Сограждане, разучив язык, считающийся у них языком искусства, довольны и мнят, что теперь-то они понимают искусство, теперь-то оно им доступно, а узнав, что язык, с таким трудом изученный ими, годится лишь для незначительной сферы искусства, приходят в негодование. Во времена наших дедов жили прилежные и просвещенные люди, которые в музыке, кроме Гайдна и Моцарта, добились понимания также Бетховена. И почувствовали, что «идут в ногу со временем». Но, когда появились Шопен, Вагнер и Лист, предложив им вновь овладевать еще одним языком, еще раз по-революционному и по-молодому, радостно и без предвзятостей воспринять нечто новое, они забрюзжали, заговорили об упадке искусства и вырождении эпохи, в коей им поневоле приходится жить. То, что случилось с теми несчастными, вновь происходит со многими тысячами. Искусство порождает новые лики, новые языки, по-новому учится говорить и выражать себя, оно сыто по горло вчерашними и позавчерашними языками, оно жаждет не только речи, но также и танца, жаждет сломать все рамки, сдвинуть шляпу набекрень и пойти зигзагом. И от этого сограждане в ярости, им кажется, что это издевка над ними, что с корнем вырывают их ценности, и, разражаясь бранью, они прячутся с головой под одеяло собственного образования. А те сограждане, которые из-за малейшего ущемления их достоинства немедленно бегут в суд, изощряются в оскорблениях.
Но эта ярость и эта бесплодная суета не освобождают сограждан, не разряжают и не очищают их нутра, никак не гасят их внутреннего беспокойства и раздражения. А художник, у которого жаловаться на сограждан оснований не меньше, выражает свой гнев, презрение, горечь, изыскивая, создавая, разучивая новый язык. Он чувствует, что ругань тут не спасает, что оскорбляющий всегда неправ.

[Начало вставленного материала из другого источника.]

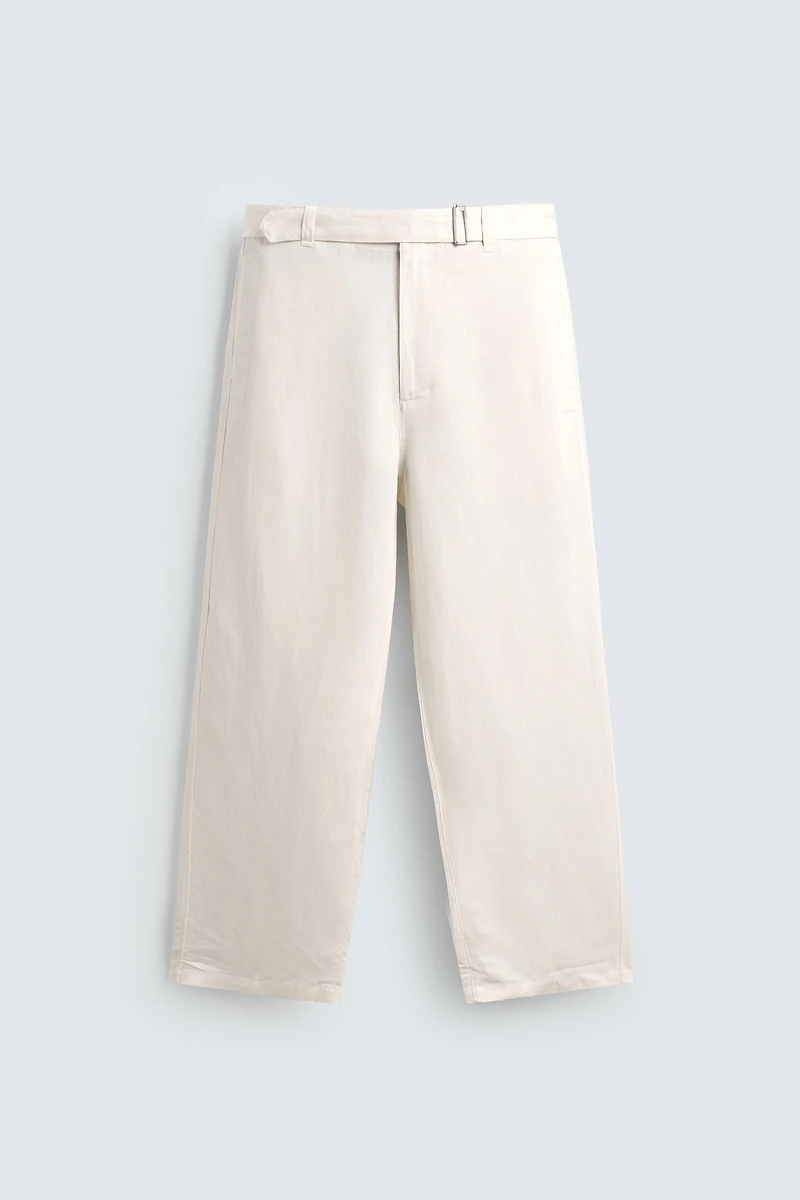 PANTALON RELAXED FIT VISCOSE - LIN CEINTURE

И, так как в нашу эпоху у художника нет иных идеалов, чем собственная его личность, так как он не желает ничего иного, чем быть самим собой и выражать то, что приуготовлено в нем природой, свою враждебность к согражданам он претворяет в наивозможно личное, наивозможно прекрасное, наивозможно выразительное, но не выплескивая гнева с пеной у рта, а выбирая и строя, отливая и оттачивая справедливую форму для своего гнева — новую иронию, новый гротеск, новый способ обратить неприятное и раздражающее в приятное и прекрасное.